(Short descriptive text snippets)

------------------------------------------------------------------------

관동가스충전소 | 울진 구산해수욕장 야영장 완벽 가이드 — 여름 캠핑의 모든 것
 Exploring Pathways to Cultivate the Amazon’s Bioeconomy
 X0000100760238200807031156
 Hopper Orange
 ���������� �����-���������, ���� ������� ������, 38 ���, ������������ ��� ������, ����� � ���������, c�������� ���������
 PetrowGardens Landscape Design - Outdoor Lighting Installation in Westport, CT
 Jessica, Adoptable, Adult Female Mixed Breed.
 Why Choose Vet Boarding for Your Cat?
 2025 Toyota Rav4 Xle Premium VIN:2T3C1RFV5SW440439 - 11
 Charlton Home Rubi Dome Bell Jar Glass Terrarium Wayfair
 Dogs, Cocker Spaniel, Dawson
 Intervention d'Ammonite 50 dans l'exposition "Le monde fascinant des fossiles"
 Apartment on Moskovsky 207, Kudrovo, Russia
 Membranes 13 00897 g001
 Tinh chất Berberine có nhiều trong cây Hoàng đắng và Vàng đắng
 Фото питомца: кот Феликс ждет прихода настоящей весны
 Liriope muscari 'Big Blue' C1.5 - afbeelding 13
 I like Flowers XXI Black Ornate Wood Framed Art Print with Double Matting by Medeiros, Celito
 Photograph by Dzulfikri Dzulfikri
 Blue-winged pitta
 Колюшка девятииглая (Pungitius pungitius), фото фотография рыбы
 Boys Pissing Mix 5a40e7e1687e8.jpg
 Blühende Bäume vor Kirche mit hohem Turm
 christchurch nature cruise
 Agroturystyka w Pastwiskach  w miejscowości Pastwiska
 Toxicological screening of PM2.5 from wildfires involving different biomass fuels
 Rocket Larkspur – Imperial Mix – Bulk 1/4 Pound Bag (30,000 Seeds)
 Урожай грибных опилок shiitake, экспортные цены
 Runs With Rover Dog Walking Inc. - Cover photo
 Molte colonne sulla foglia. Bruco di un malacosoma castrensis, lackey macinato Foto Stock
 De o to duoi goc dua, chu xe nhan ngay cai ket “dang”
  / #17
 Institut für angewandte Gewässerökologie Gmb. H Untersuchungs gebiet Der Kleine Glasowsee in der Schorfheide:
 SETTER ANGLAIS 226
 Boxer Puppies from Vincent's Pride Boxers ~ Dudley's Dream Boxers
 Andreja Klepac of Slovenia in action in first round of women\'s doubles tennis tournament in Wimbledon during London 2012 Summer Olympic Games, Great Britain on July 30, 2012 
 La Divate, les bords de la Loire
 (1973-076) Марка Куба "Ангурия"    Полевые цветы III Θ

------------------------------------------------------------------------

**DIRECTIONS**. Which lines hold the string "Blue"? Copy all of them from the data above.

**RESULT OF THE TASK**.
 Liriope muscari 'Big Blue' C1.5 - afbeelding 13
 Blue-winged pitta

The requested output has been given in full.